A flying laboratory, ESA's OPS-SAT will be the first of its kind, with the sole purpose of testing and validating new techniques in mission control and on-board satellite systems.
OPS-SAT is devoted to demonstrating drastically improved mission control capabilities, that will arise when satellites can fly more powerful on-board computers. The satellite is only 30cm high, but it contains an experimental computer ten times more powerful than any current ESA spacecraft.
It is very difficult to perform live testing of mission control systems. No-one wants to take any risk with an existing, valuable satellite, so testing new procedures, techniques or systems in orbit is not often possible.
The OPS-SAT solution is to design a low-cost satellite that is rock-solid safe and robust, even if there are any malfunctions due to testing.
The robustness of the basic satellite itself will give ESA flight control teams the confidence they need to upload and try out new, innovative control software submitted by experimenters; the satellite can be pushed to its limits but can always be recovered if something goes wrong.
Achieving this level of performance and safety at a low cost is a challenge. To do this, OPS-SAT combines off-the-shelf subsystems typically used with cubesats, the latest terrestrial microelectronics for the on-board computer and the experience ESA has gained in operating satellites for the last 40 years in keeping missions safe.
The result is an open, flying 'laboratory' that will be available for in-orbit demonstration of revolutionary new control systems and software that would be too risky to trial on a 'real' satellite. Over 100 companies and institutions from 17 European countries have registered experimental proposals to fly on OPS-SAT.
The in-orbit laboratory will offer a range of resources, including processors, field-programmable gate arrays (FPGAs), cameras, and an attitude determination and control system, all of which experimenters will be able to exploit for demonstrating new mission and operations concepts.
The OPS-SAT architecture consists of two major parts. The first is the OPS-SAT 'bus', which provides the necessary infrastructure to operate the second part, the payload. However, in this case, once the payload is running it can take over control of the entire satellite while the bus monitors and is ready to take control back at any moment.
The heart of the OPS-SAT satellite payload is the processing platform, which is responsible for providing a reconfigurable environment able to fulfil the objectives of each experiment. The processing platform runs Linux, as the operating system consists of a flexible and reconfigurable framework, featuring sophisticated processing capabilities, interfaces, memory integrity and reconfigurable logic.
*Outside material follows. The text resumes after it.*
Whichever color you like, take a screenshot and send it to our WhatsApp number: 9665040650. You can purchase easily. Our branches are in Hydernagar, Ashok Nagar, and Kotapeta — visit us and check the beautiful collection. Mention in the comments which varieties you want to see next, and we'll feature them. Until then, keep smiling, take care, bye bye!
The platform consists of an 'Altera Cyclone V SoC' with an ARM dual-core Cortex-A9 MPCore and a Cyclone V FPGA. OPS-SAT experimenters will provide bootable images for this processing platform. These images will undergo certain pre-checks before loading to the spacecraft. Power consumption and temperature of the processing core will also be monitored by the on-board computer to provide additional safety mechanisms.
Fine Attitude Determination Control System (ADCS)
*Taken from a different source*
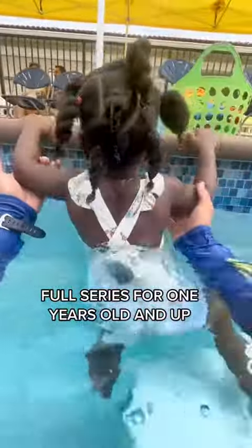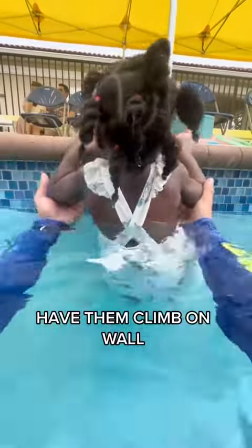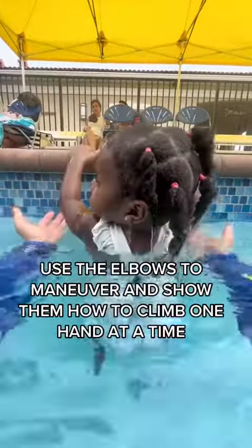Full series for one year olds and up. Have them climb on the wall until they get to the donut. Use the elbows to maneuver, and show them how to climb one hand at a time.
An integrated fine ADCS will provide the experimenters with access to sensors and actuators as well as integrated attitude control functionality. It consists of gyros, accelerometers, magnetometers, reaction wheels, three magnetorquers and a Star Tracker.
Global Positioning System (GPS) receiver
A GPS module is provided, so experimenters can have access to positioning data and time information.
For high data-rate communications a CCSDS-compatible S-band communication link, acting as the main link for data communications and TM/TC with ESA ground stations, is provided. It will provide uplink speeds of up to 256 kbit/s and downlink speeds of up to 1 Mbit/s. The S-band link will be used to upload experimenter’s’ software and download results of on-board experiments.
An X-band transmitter with high data-rate communications of up to 50 Mbit/s.
A high-resolution camera which can provide a ground resolution of up to 80m x 80m per pixel.
An optical receiver will be provided that can receive commands from a laser ranging station on Earth. An uplink rate of 2 kbps is expected.
Software defined radio
A software-defined radio front end will be provided, connected to one of the pair of diploes in the UHF antenna. The results of this experiment will be made available on the processing core for further processing by experimenters, for example providing a flying spectrum analyser.
Experimenters will be able to communicate with their flying experiments in various ways, ranging from offline file transfer only, to receiving and sending space packets in realtime with a brand new CCSDS protocol (MO services) over the internet.
The project is funded by the ESA General Support Technology Programme. This project kicked off on 4 February 2015 with the prime contractor, the Technische Universität Graz, and subcontractors.
Launch took place on 18 December, 2019, when OPS-SAT was injected into a circular, polar orbit at 515 km altitude. The spacecraft was launched as a 'secondary payload' along with the CHEOPS planet-characterising mission. OPS-SAT is now controlled from the dedicated SMILE control room at ESOC.